魔道具屋に通じる妖怪向けの小径はすぐに見つけ出す事が出来た。母に連れられてやって来たのが一か月ほど前の事であるから、何処からどう行けば良いかなどは迷う事など何一つなかった。
しかしながら、店舗を構える小径の雰囲気は、母や兄姉と共に出向いたあの日とは異なった様相を示していた。小ぢんまりとした空間ながらも、明るく賑やかな雰囲気を放っていたのだ。要するに、店舗の間から店員や店長と思しき妖物が往来を行く妖怪に声を掛けたり、地元民であろう子供妖怪が道の端っこでじゃれ合ったりする光景がそこかしこで見受けられたのだ。
もしかしたら、前に入った筋とは違う所から入ったのかもしれない。そんな風に思いもしたが、張り紙や電柱の位置からして、違った所から入った訳でも無さそうだ。
「どうしたの島崎君。きょろきょろしちゃっているけれど」
せわしない源吾郎の態度は、米田さんにも勿論気付かれた。源吾郎の挙動は、あまりにも落ち着きがなかったのかもしれない。不思議そうな表情で、米田さんは源吾郎を見つめていた。
まただ。また米田さんそっちのけで考え事をしてしまったんだ。心の中で反省し、源吾郎は米田さんを見つめ返した。
「いえ、この間通った時とは雰囲気が違うなぁと思いまして」
前はもう少し静かな感じだったのです。最後の一文を付け加える時に、源吾郎は声のトーンを落とした。地域住民が見聞きしている中で、暗にうるさいと口にするのは気が引けた。
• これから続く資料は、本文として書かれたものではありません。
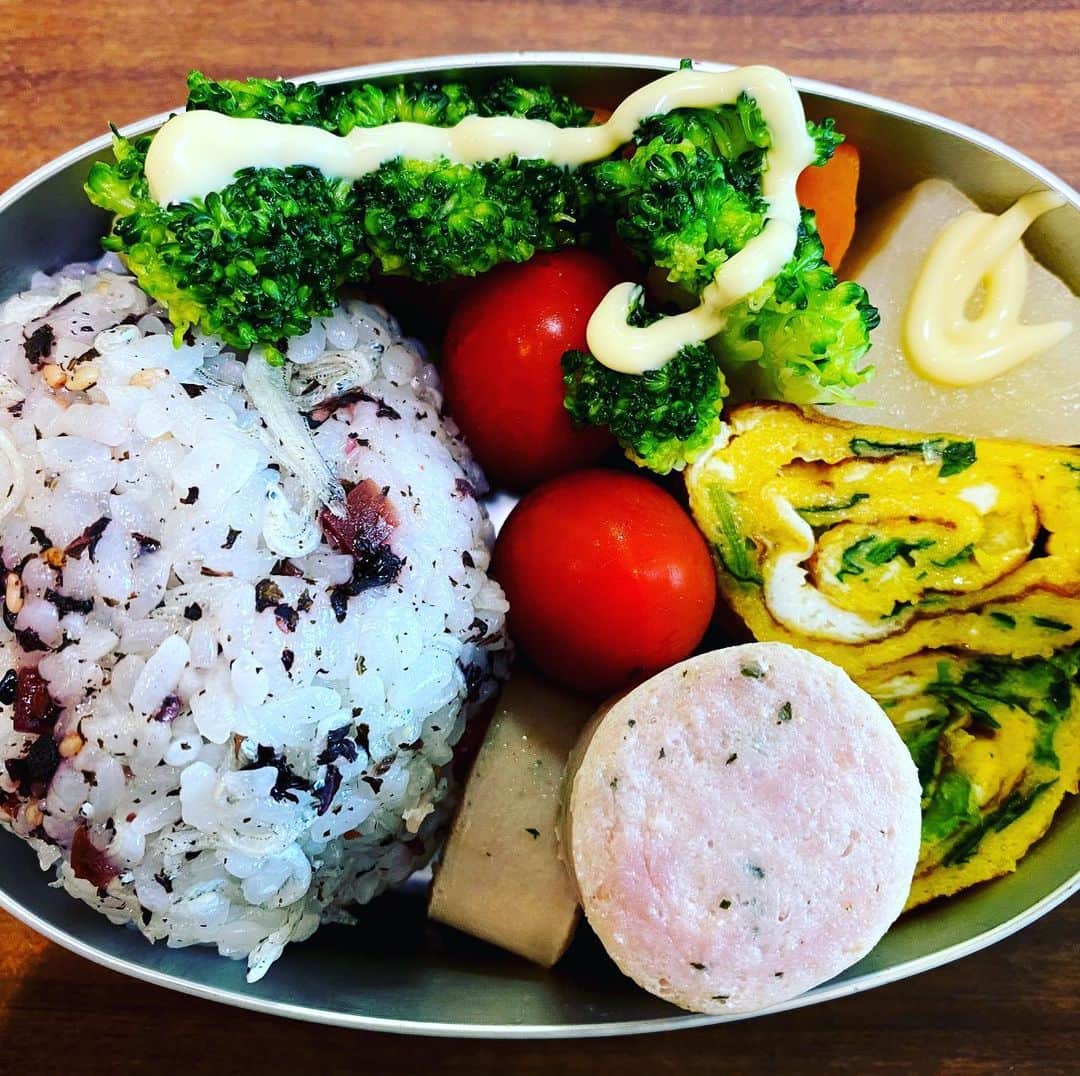 宮崎謙介のインスタグラム：「今日は野菜中心のお弁当ね。栄養には自信あり。卵焼きは焼き目しっかりでうまいことできた。小松菜を炒めて中に入れてます。」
それに今の賑やかな雰囲気は、決して不愉快などではない。むしろ好ましく感じられるほどだ。
「多分だけど、前に島崎君がここを通った時は、商店街全体がお休みの時だったのかもしれないわ」
そこまで言うと、米田さんは活気づく商店街の通りと源吾郎の顔とを交互に見やった。
「この前島崎君が奥の魔道具屋さんに行ったのは、三月の中頃だったでしょ。そうでなくとも、三月と言えば年度末だから、お店の方も色々と忙しくなるのかもしれないわ」
「それは一理ありますね」
年度末。学校や会社で馴染み深い単語を耳にした源吾郎は、呟きつつ頷いていた。年度末らしいイベントが職場であった事を思い出してもいたのだ。
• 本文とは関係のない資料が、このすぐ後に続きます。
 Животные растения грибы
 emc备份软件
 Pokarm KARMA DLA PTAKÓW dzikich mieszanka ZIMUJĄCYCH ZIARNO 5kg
「確かに、僕の職場も三月に棚卸がありましたよ。まぁ、実際に作業をなさったのは、工場に勤めている方たちだったんですけれど」
ともあれ、年度末かどうかと言う部分については、源吾郎も見落としている所だった。母に連れられてやって来た日も、今日も土曜日だから、条件的には同じだと思い込んですらいたのだ。
しかし三月の年度末の事を考慮すると、米田さんの仮説も有力なものであるように思えてきた。
「それかお彼岸が近かったというのもあるかもしれないわ。あの時は三月の中頃で、島崎君の誕生日の前だったから」
「はい……」
誕生日の前。米田さんのこの言葉に、心臓が大きくうねるのを感じた。米田さんが俺の誕生日を覚えてくれている。その事が嬉しかった。喜びの念が大きいはずなのに、その中にいくばくかの気恥ずかしさが入り混じっている事に気付き、源吾郎は戸惑ってしまった。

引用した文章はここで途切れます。